Fresh out of the box, the Bronze 100 sounded mellow but with a smooth treble presentation. As the speakers were brand new, I ran the pair in for about two weeks before doing any critical listening.
Of late, my playlist seemed to be made up with the likes of vocal acoustic material, but I did put the Bronze 100 through its paces with some pop, contemporary jazz as well as R&B.
You’ll be pleased to know that these speakers are all-rounders that work well with a wide mix of musical tastes. The Elex-R was at ease driving them and I reckon any well-designed amp putting out 50 watts and above will get good mileage out of these speakers.
Given the large dimensions, the Bronze 100 cabinet has a large internal volume, thus producing a big sound. The Rega Elex-R’s volume dial hovered between the 8-9 o’clock mark for the most part of the review and what came out was room filing. And with the volume turned down for late night listening, they still remained tuneful, clear and detailed.
These speakers have a clean presentation and I particularly enjoyed my time with them on acoustic material. Luke Sittal Singh’s (Live at the Union Chapel) Nearly Morning and Nothing Stays The Same were rendered beautifully, the speakers dishing out scale in terms of width and depth. Singh’s vocals are solidly fleshed out in the centre with clear placement of instruments in the foreground. There’s plenty of detail served up so much so I could hear the strain in Singh’s voice as well as the reverberation of the venue.
I could even pick out the camera clicks on Manhattan by Sara Bareilles (Live at the Variety Playhouse Atlanta GA). There was just so much wholeness and solidity to Bareilles’ vocals. And to my ears – the piano she played on sounded an octave lower.

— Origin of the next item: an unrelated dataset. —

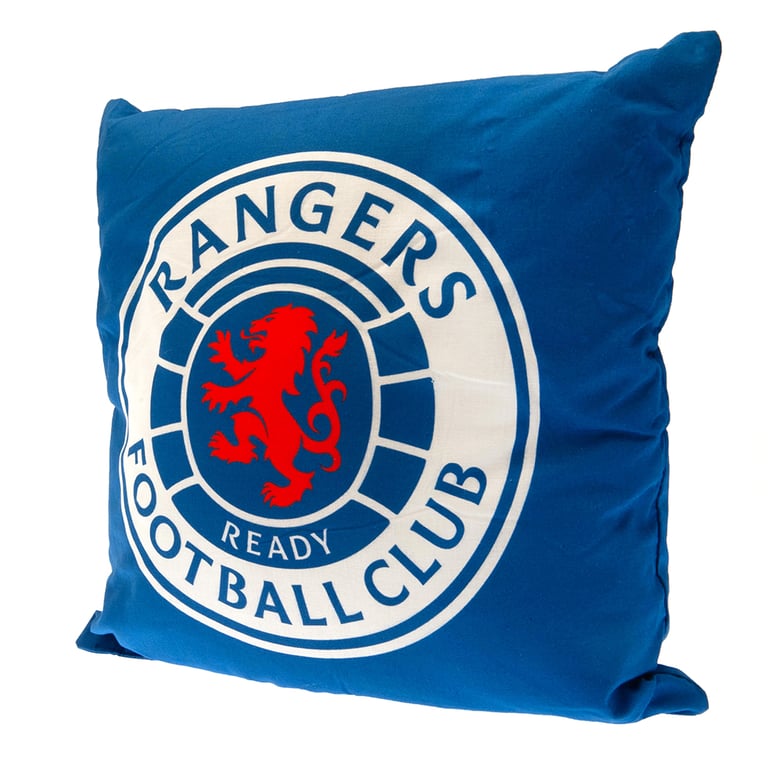 Rangers FC 100 Cotton Vibrant Blue Crest Cushion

But the highlight for me was the speaker’s ability in integrating the high, mid and low frequency spectrums – there was just a sense of rightness in the way the Bronze 100 strings everything together.

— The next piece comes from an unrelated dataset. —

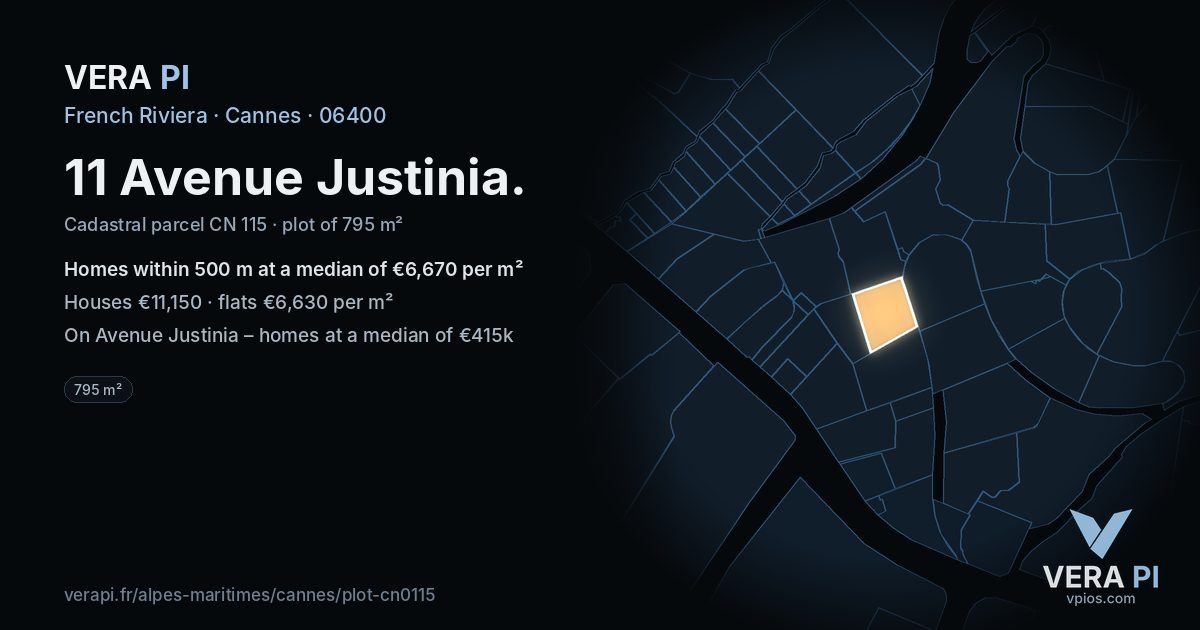 11 Avenue Justinia, Cannes at night – the plot lit, the parcels around coloured by the prices near them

On Lee Ritenour’s Goin’ On To Detroit, the jazz guitar maestro’s riffs and licks were rendered with texture and underpinned by a lovely mix of percussions, toms, hi-hats and tuneful bass. Moving onto upbeat tunes like Sinead Harnett’s Stickin’ and Gregory Porter’s Holding On showcased the deftness of these speaker’s capabilities in the bass department.

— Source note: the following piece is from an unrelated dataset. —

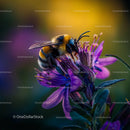 Bumblebee Delicately Feasting on Purple Flower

Bass heads will be pleased at what the Bronze 100 can muster. There is dollops of bass at hand – not the flabby kind – but the deep, tuneful kind that underpins the mid-bass and provides body to the music that is being played. From memory, I do not recall hearing this level of integration and scale from the Elac Debut 2.0 B6.2 nor the Dali Oberon 3, both of which I reviewed a while back.
So, what’s lacking? Ultimately, it would be transparency and engagement. The Bronze 100 is a great performer but falls short of luring me into the deeper aspects of a recording. Tracks are less resolving compared with my KEF LS50. One caveat with these speakers is the need for space. When I start to turn up the volume to around 10 o’clock, the Bronze 100s became too strident and hard on the ears, which leads me to suspect that these large standmounts need decent breathing space around them to sound their best. Now this was something I could not attempt given the size limitations of my listening space.
THE LAST WORD
The Monitor Audio Bronze 100s are very capable modern speakers that excel beyond their price point. But how well these speakers perform will depend on application (hi-fi or home theatre) and partnering gear. And not forgetting available space – I think it’s a must for these speakers. If you already checked these boxes, I’d recommend giving these speakers an audition. I reckon you’ll be quite happy with what the Bronze 100 has to offer.
Sources – Lenovo Yoga 3-14 Ultrabook, Foobar2000 (Ver 1.5.5), mConnect Player Lite (Ver 3.2.7), Tidal HiFi/Master, Samsung TV UA49MU6100, Chord Mojo DAC/headamp; Headphones – Grado SR80e; Amplification – Rega Elex; Speakers – KEF LS50; Isolation – IsoAcoustics Aperta, Orea Bronze; Speaker cables and interconnects – AudioQuest Rocket 11, Supra Bi-Line 3.5mm to RCA, Supra ZAC Toslink, Supra Cat 8 network cables; Speaker stands – KEF Performance stands.